Dopo il quasi certo addio alla politica del consigliere comunale azzurro, Silvano D'Innocenzo, i vertici provinciali del partito sono al lavoro per ricostituire un coordinamento cittadino a Fabriano. La prossima settimana una riunione per la scelta del portavoce

La sede del Comune di Fabriano

FABRIANO – Cercasi Forza Italia a Fabriano. Il partito si sta riorganizzando, ma sembra aver perso la leadership territoriale nel centrodestra a vantaggio dell’asse costituito da Fratelli d’Italia e Lega Nord.
Nel corso dell’ultima consultazione elettorale comunale, nel 2012, Forza Italia – che all’epoca si chiamava Pdl – aveva espresso il nome del candidato a sindaco, Urbano Urbani, andando al ballottaggio. Al termine, in consiglio comunale, oltre ad Urbano, sedevano altri tre consiglieri comunali. Da allora, dopo lo sfaldamento del Popolo della Libertà, e vicissitudini tutte fabrianesi, si arriva nel 2017, con un solo consigliere comunale a rappresentare Forza Italia, Silvano D’Innocenzo. Gli altri tre – Urbano Urbani, Giovanna Leli e Danilo Silvi – hanno dato vita ad un gruppo civico denominato Città Progetto.
D’innocenzo, però, ha già annunciato che – salvo ripensamenti dell’ultima ora – non si ricandiderà più. Il problema, però, è che nel corso di questi ultimi anni, non si è dato vita a una classe dirigente territoriale. Ed ecco, allora, che di Forza Italia si sono perse le tracce.
Fratelli d’Italia e Lega Nord sono già partite in vista delle comunali della prossima primavera.
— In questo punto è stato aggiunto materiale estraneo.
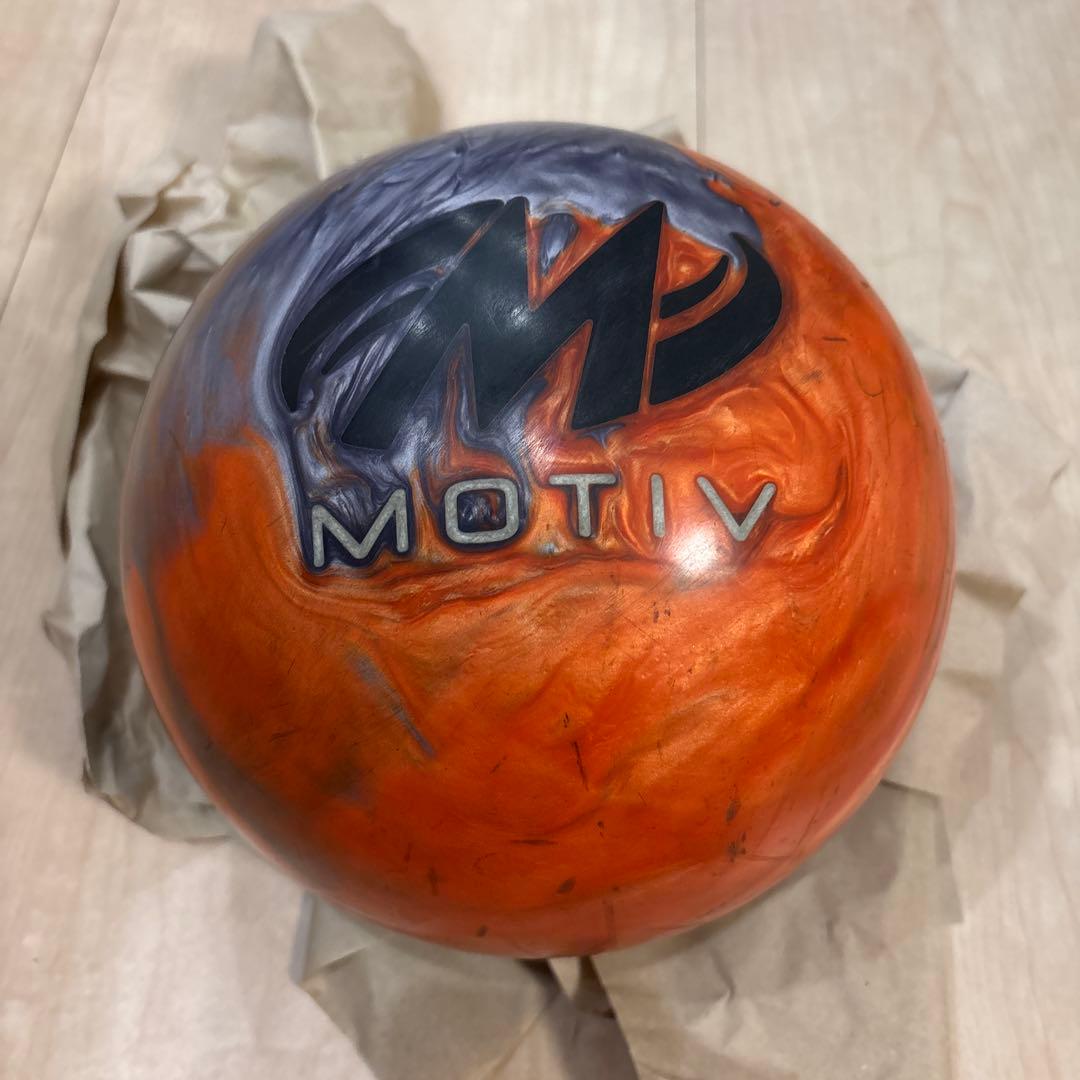 ジャッカルフラッシュ　ボウリングボール 12ポンド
Del partito azzurro, invece, non si sente più un respiro.
«Abbiamo un gruppo di persone che si stanno riorganizzando», annuncia il coordinatore provinciale di Forza Italia, Daniele Berardinelli. «Il consigliere D’Innocenzo sembra volersi fare da parte e noi stiamo lavorando per tornare, a pieno titolo, nell’agone politico».

Il coordinatore provinciale di Forza Italia, Daniele Berardinelli

La prossima settimana ci sarà una riunione interna dalla quale dovrebbe scaturire il nome di un portavoce. «Dialogheremo con le forze politiche di centro e centrodestra per una proposta comune. Siamo certi – conclude Berardinelli – di avere ottime possibilità considerando le spaccature che si sono manifestate nel Pd sia a livello nazionale che locale, con la defenestrazione del sindaco uscente, Giancarlo Sagramola, e la scelta di Giovanni Balducci».
Dunque, i propositi sembrano bellicosi. Ma il tempo passa e, oltre a pensare ai competitor del campo avverso, Forza Italia dovrà cercare di rincorrere anche i potenziali alleati della destra fabrianese – FdI e Lega – che sembrano voler far pesare il fatto che si sono già organizzati e, soprattutto, hanno avviato un percorso comune che porterà a un nome unitario del candidato a sindaco.